Vers une grève générale ? Qui sont les salariés en lutte aujourd’hui ? On peut jouer au jeu des six familles :

  1. Ceux qui n’ont rien à perdre, à qui on a annoncé que leurs emplois seraient sacrifiés au nom du profit, ou qu’ils allaient devoir faire des sacrifices financiers supplémentaires.
  2. Les salariés qui ont un statut protégé, ceux de la fonction publique, et qui peuvent défendre tant bien que mal ce qui est menacé sans risquer leur emploi.
  3. Les salariés du privé qui assurent un service public quand l’arrêt du service en question a un impact fort sur la vie économique.
  4. Les salariés de quelques grandes unités de production ou de service, de plus en plus rares dans le paysage économique, qui ont encore une solidarité liée à un travail partagé en commun.
  5. Les emplois où un savoir-faire spécifique maintient un esprit corporatif fort (pilotes de ligne…).
  6. Les salariés qui ont encore un pouvoir de perturbation fort au sein de leur entreprise.

Cela fait beaucoup de monde… Mais c’est loin d’être assez pour une grève générale. L’industrie a depuis longtemps distribué une partie de sa production à des sous-traitants interchangeables, quand les séries sont longues, il n’est pas rare qu’une même pièce soit produite par deux ou trois entreprises, en même temps que la taille des unités diminue… Autant dire que les rapports de force ne sont pas en faveur du salarié. Quant aux services qui représentent une part importante de l’emploi, l’impact des grèves est souvent limité, les unités sont souvent petites, les possibilités de substitution sont nombreuses, on peut comprendre que les salariés y regardent à deux fois avant de prendre le risque d’une grève. On en est réduit à des grèves par procuration, mi-chèvre mi-chou entre soutien d’un côté et pression supplémentaire qui s’exerce sur les citoyens qui ne peuvent pas faire grève.

Vers un basculement des rapports de force ? Sur un projet précis, les rapports de force qui vont du bas vers le haut peuvent obtenir des victoires ponctuelles, comme je l’évoque plus haut. Sur le long terme, ce basculement des rapports de force doit être durable.

Ce que nous disent les politiques qui n’essayent même pas de tenir leurs promesses, les patrons surpayés, les lobbys qui imposent leurs vues, le plafond de verre de plus en plus infranchissable, c’est que la nature et l’organisation du pouvoir ont changé.
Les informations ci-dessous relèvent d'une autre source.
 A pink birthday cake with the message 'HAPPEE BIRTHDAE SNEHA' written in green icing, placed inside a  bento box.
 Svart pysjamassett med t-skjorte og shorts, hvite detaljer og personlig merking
La pyramide est de plus en plus verticale, le pouvoir s’est concentré entre les mains de quelques-uns, ces individus sont protégés des pressions. Les rapports de force se sont accumulés au même rythme que la concentration des richesses. Pour changer cette situation durablement, il n’est d’autres moyens que de reconquérir le pouvoir, sinon économique, du moins politique. Les rapports de force que l’on tente de créer du bas vers le haut sont voués à l’échec, à la fois dans la durée et en raison de circonstances défavorables. Aujourd’hui, seuls, les rapports de force que l’on peut établir du haut vers le bas peuvent changer la donne.
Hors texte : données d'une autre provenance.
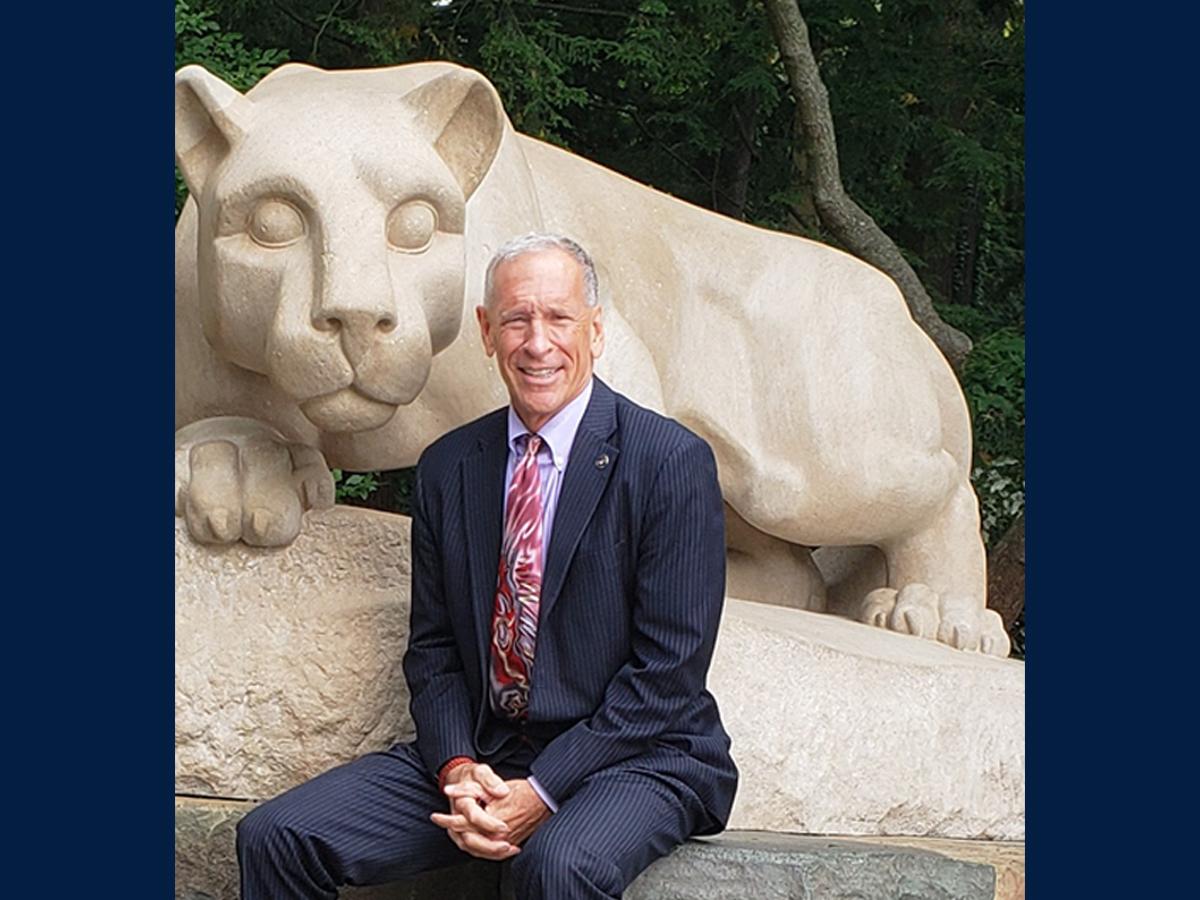 Eric Young in front of the Lion Shrine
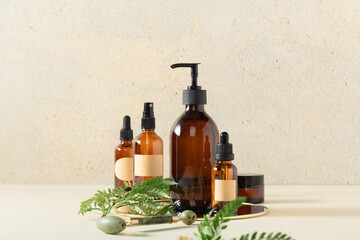 Amber glass bottles on beige background. Soap liquid, shampoo or shower gel, serum, essential oils,...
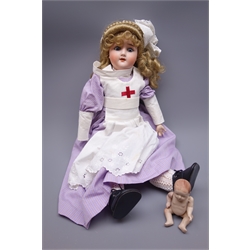  Schoenau & Hoffmeister bisque head doll with applied hair, grey sleeping eyes, open mouth with teeth, composition body with jointed limbs, purple tartan dress and red cross nurses apron, marked 'S(PB in star)H 1909 5 Germany', L60cm with German bisque baby doll (2)   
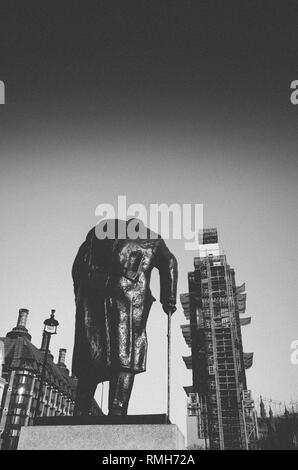 Juxtapostion of Big Ben facing Winston Churchill statue, London UK - grain added deliberately for effect. Stock Photo
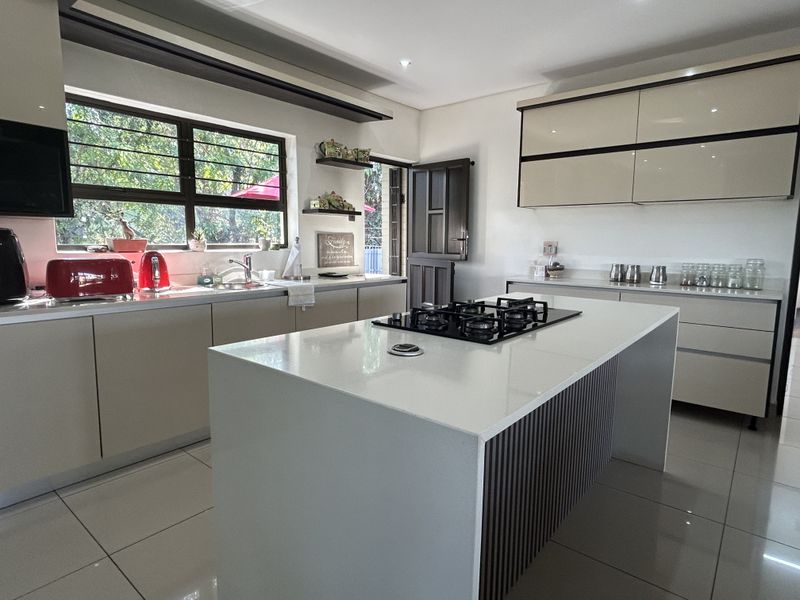 Modern kitchen featuring a central island with a gas cooktop, sleek cabinetry, tiled flooring, and ample natural light from the large window.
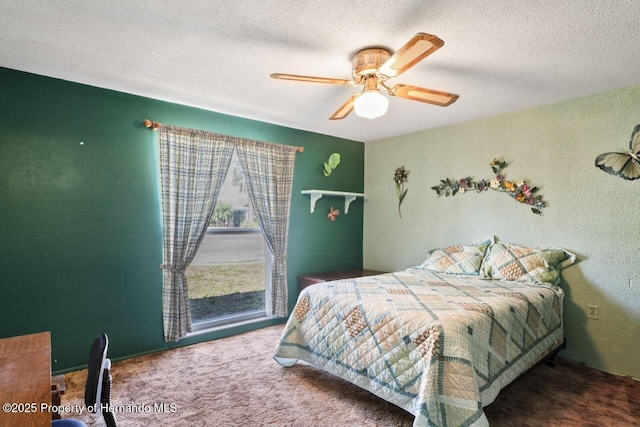 bedroom with a textured ceiling, ceiling fan, and carpet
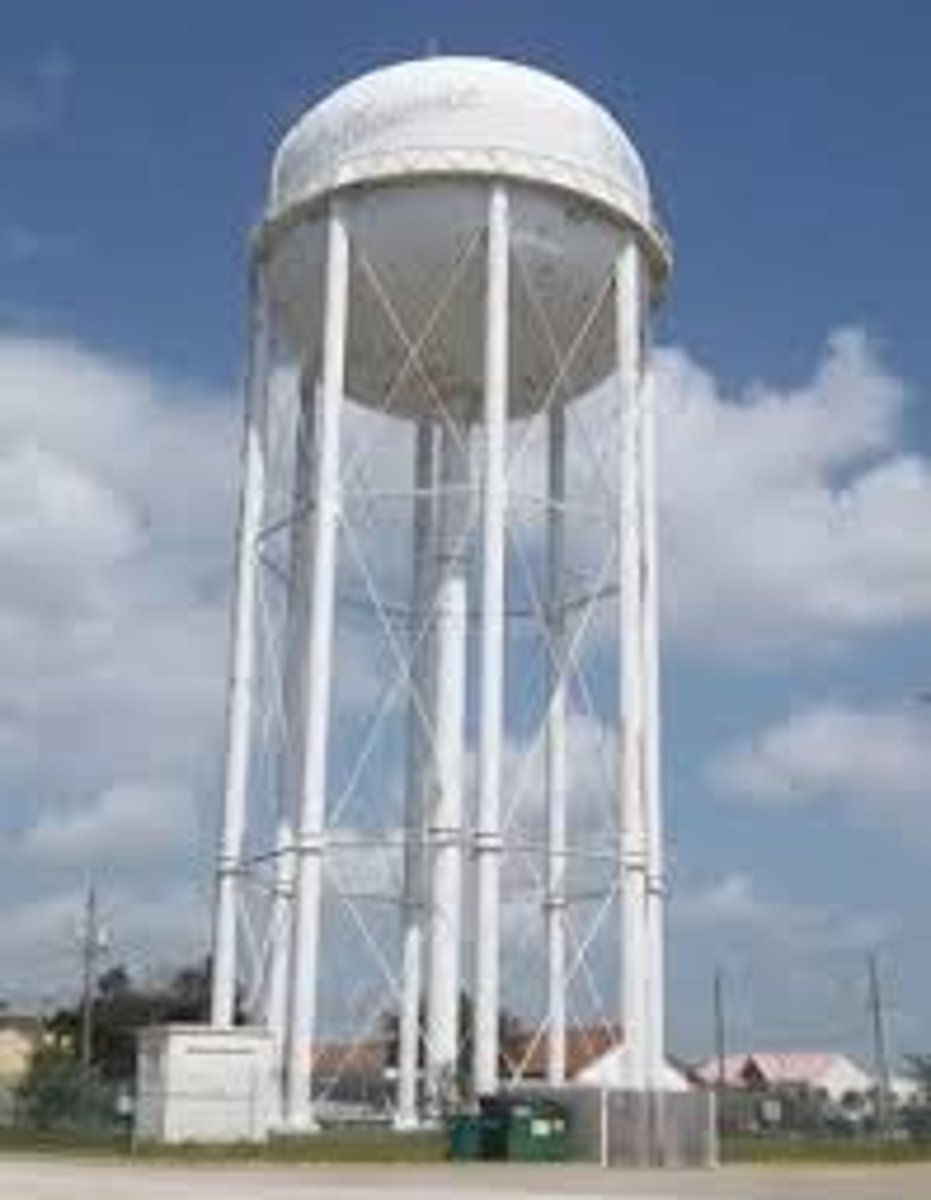 <p>a tower into which water is pumped to a height sufficient to maintain a desired pressure for distribution to customers, or for firefighting</p>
Le temps est largement venu de converger vers la conquête du pouvoir politique. Si c’est par des voies démocratiques (et on le souhaite), encore faut-il en avoir la volonté, être capable de se rallier à un candidat et un programme, en faisant taire les divergences, et se concentrer sur la production d’un discours capable de rassembler les Français. Il y a encore du chemin à faire.